▶ Instructions to follow: Could you reproduce the material below exactly, from the line containing "Orientaciones Para La" through its last line, and leave out everything else?
= Beginning of Section =
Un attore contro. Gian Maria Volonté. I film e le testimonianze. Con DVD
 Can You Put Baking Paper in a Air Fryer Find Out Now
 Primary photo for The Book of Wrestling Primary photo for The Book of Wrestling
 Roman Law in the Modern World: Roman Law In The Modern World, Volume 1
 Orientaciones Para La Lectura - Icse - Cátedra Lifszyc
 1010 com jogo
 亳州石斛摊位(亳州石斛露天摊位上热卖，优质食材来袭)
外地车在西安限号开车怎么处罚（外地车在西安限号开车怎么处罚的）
= End of Section =
▶ Exercise result:
 Orientaciones Para La Lectura - Icse - Cátedra Lifszyc
 1010 com jogo
 亳州石斛摊位(亳州石斛露天摊位上热卖，优质食材来袭)
外地车在西安限号开车怎么处罚（外地车在西安限号开车怎么处罚的）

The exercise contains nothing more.